This is by far the most common question I am asked when it comes to conversion tracking and testing. To put it as briefly as possible, it depends on your website.
There are hundreds if not thousands of different elements and factors that can have an impact on conversion rates and the tests that you should be performing depend highly on your individual website. By putting together a website conversion optimisation plan and doing some initial tracking, you will easily see a few areas that require looking at and further testing.
When you perform initial tracking and start carrying out your first tests, everything will begin to snowball. Soon, you will find yourself with many pages, elements, and other things to test.
This is known as A/B testing and three of the most commonly tested elements are:
1. Landing Page Copy
Your landing page’s copy is going to be the first thing potential customers see and it is important to get it right.
- Is it too long?
- Do you misspell words?
- Is it littered with bad grammar?
- Is it easy to read, or are there lots of big words?
- Is it superfluous?
Changing up your landing page copy to something that’s straightforward, easy to read, uses a plain font, and doesn’t try to be too clever will make the best impression.
2. Calls to Action (e.g. “Join our mailing list now!”)
Most successful sites have some form of call-to-action nestled towards the bottom of their landing page or in another key area such as the sidebar. Conversion tracking will reveal whether people are seeing and interacting with your CTA or ignoring it altogether.
- Is your CTA too small?
- Is it out of place?
- Does it encourage your visitor to do something, or does it just say, “Click Here!”?
- Is it designed in a way that complements your site?
With a CTA, you should be tracking the clickthrough rate—how many people are clicking your CTA—and the conversion rate—how many of those people end up making a sale—to truly understand whether it is suitable.
For CTAs, you can experiment with different colors, wording, fonts, whether the CTA is fixed on the page or slides in, its size, and where it is located, amongst other things.
3. Social Share Buttons
Social share buttons are great, but they can still be used incorrectly. Not littering your site with social share buttons, placing them in the right places, and excluding them from certain pages is a good start.

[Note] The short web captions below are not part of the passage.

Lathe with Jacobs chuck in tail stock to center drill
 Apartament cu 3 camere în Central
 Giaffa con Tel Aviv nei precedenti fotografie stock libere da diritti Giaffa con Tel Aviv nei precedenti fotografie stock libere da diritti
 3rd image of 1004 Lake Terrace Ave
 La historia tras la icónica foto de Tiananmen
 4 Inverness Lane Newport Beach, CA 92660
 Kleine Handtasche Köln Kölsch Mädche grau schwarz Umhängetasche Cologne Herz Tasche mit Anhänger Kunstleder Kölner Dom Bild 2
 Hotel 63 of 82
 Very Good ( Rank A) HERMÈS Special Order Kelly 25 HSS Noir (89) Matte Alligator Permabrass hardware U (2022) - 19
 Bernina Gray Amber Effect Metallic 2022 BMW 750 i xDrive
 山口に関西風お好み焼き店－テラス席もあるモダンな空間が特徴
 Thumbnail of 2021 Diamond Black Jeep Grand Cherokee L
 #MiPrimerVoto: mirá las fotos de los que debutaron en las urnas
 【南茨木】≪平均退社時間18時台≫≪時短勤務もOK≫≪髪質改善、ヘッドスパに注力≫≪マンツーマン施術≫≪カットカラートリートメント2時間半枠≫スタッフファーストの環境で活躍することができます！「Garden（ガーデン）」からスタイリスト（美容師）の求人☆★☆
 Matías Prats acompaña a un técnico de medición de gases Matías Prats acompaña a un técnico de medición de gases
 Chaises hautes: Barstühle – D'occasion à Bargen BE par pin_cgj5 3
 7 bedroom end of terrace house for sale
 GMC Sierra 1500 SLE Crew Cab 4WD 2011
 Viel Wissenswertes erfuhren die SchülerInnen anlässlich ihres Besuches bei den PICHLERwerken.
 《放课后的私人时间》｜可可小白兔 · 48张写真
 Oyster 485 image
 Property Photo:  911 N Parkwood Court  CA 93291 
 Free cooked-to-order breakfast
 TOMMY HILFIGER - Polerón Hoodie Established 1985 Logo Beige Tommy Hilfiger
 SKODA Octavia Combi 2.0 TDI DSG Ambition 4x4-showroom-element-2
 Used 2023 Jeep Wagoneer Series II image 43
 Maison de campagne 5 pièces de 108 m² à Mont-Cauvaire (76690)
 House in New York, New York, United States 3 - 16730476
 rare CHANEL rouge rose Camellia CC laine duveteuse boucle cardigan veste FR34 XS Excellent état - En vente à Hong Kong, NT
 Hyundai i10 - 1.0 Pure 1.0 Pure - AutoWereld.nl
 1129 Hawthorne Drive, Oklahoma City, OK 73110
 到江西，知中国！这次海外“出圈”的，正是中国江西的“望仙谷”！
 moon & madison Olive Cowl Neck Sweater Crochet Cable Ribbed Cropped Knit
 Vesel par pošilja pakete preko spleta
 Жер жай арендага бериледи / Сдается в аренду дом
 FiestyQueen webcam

For example, it’s better to nestle your social share buttons in your landing page’s footer or at the top of the page, whereas on your blog it is more appropriate to place them in the sidebar next to a post. On your sales page, it’s often good to remove them completely. Why? Because when visitors are on your sales page, you don’t want them to be distracted by anything else.
Find What Works for You
Conversion rate optimisation and testing is a long-term process, it’s not something that can be done overnight. A huge part of this process is assessing your website, putting together a plan and finding out what works (and what doesn’t work) for your own site.
You may need to test five, six, seven or more different calls to action before you find the right one for you, for example.